- The Washington Times - Tuesday, April 10, 2007

1:43 p.m.

BEIJING (AP) — China reported a sharp monthly drop in its ballooning trade surplus today and angrily rejected two U.S. complaints filed with the World Trade Organization over product piracy and market access for American movies, music and books.

The exchanges threatened to add tension to one of the world’s biggest — and thorniest — trading relationships, already strained by U.S. pressure on Beijing to close its trade gap and allow its currency to appreciate more quickly. Last month, the U.S. also imposed higher tariffs on Chinese paper in a dispute over subsidies.

China’s trade surplus in March fell to $6.9 billion from $23.7 billion in February, according to figures released by the Chinese customs agency.

However, economists said the drop probably was only temporary.

“Our expectation is that the monthly trade surplus will stay above $20 billion,” said Citigroup’s Shen Minggao.

Beijing says it is trying to cut its trade gap, which is growing amid surging exports of everything from consumer electronics to toys and clothing.

While Chinese leaders have appealed for patience, the Bush administration’s patience seems to be running out.

The U.S. today filed two complaints against China at the WTO over its lax enforcement of copyright policy and barriers on the sale of U.S. movies, music and books in the country.

China’s Commerce Ministry expressed “great regret and strong dissatisfaction” with the complaints, which U.S. Trade Representative Susan C. Schwab announced yesterday.

China is one of the world’s biggest sources of illegally copied goods, ranging from movies, music and designer clothes to sporting goods and medications. U.S. companies contend that they are losing billions of dollars a year in potential sales to piracy.

However, China’s top intellectual-property official criticized the U.S. move, appealing for cooperation and dialogue, the official Xinhua News Agency reported.

“It’s not a sensible move for the U.S. government to file such a complaint,” Tian Lipu, commissioner of the Intellectual Property Office, was quoted as saying. “To do a better job in combating piracy, we need dialogue and cooperation, not confrontation and condemnation.”

Senior officials from the two countries are due to meet in May in Washington for the latest round of a “strategic economic dialogue” led by U.S. Treasury Secretary Henry M. Paulson Jr. and Chinese Vice Premier Wu Yi. The dialogue is meant to address issues ranging from market access to complaints about Chinese currency controls.

While March’s sharp drop in China’s trade gap came as a surprise, China’s export gap for the full January-to-March quarter doubled over the same period last year, reaching $46 billion, according to the customs figures.

The February bulge might have been caused by Chinese exporters rushing to ship goods abroad to beat a proposed cut in export tax rebates, leaving less to ship in March, Mr. Shen said.

Authorities have cut export rebates for steel and some other products and are prodding consumers to spend more, which would boost imports and help close the gap.

It is too early to know whether the government’s latest changes are working, Mr. Shen said.

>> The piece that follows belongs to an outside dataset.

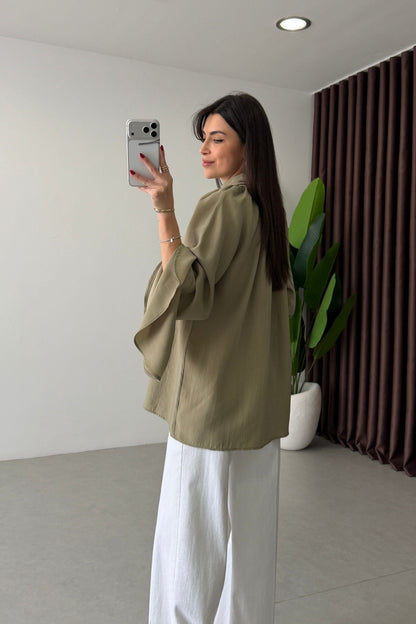 Wide sleeve Tie-Up Tencel Blouse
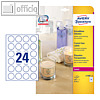 Produktetiketten, ?40 mm, rund, Laserdruck, kristallklar, 600St., L7780-25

“If new data in April or May continue the March trend, then the government can say it is working,” he said, “but I don’t think that will happen.”

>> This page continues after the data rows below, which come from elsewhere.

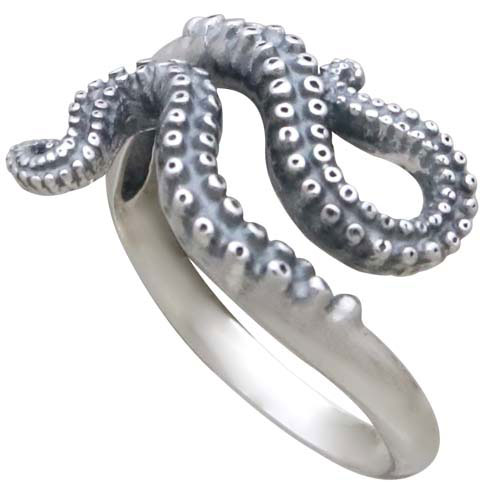 Sterling Silver Octopus Tentacle Adjustable Ring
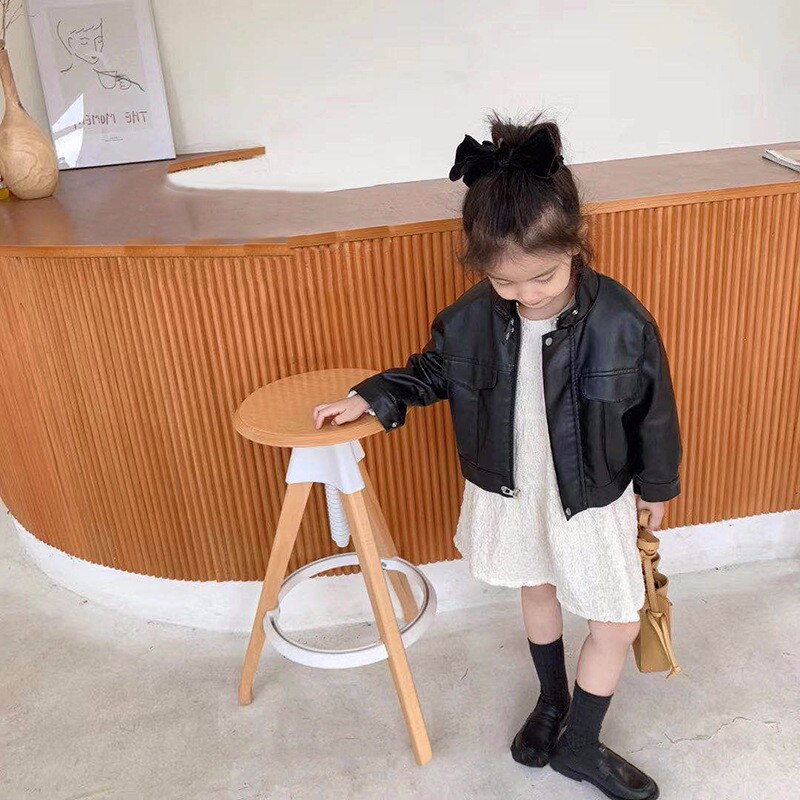 Baby Girls Leather Jacket Autumn Children's Stand-up Collar Motorcycle Clothing for Kids Black Outwear Coat 1-7Y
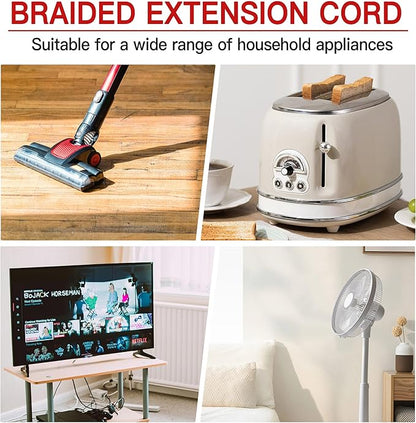 16/3 Braided Extension Cord 20 FT, Braided Extension Cord Flexible & Durable - Image 7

China’s official steel industry group said today that Beijing is cutting export rebates again, effective Sunday, and eliminating them for some steel products. China, like many other nations, refunds value-added and other taxes on exported goods to help companies hold down their prices abroad.

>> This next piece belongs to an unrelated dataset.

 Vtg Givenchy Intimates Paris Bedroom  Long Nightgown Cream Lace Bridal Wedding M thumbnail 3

Last year, China reported a record-high global trade surplus of $177.5 billion. Economists say the figure could soar past $250 billion in 2008.

Meanwhile, U.S. lawmakers are threatening to introduce measures to compel Beijing to relax controls on its currency, the yuan, that critics say are driving up China’s trade surplus. The United States and other governments say the yuan is kept undervalued, giving Chinese exporters a price advantage and hurting foreign competitors.

Beijing has let the yuan rise by 4.6 percent against the dollar since a July 2005 revaluation, but the U.S. wants faster action.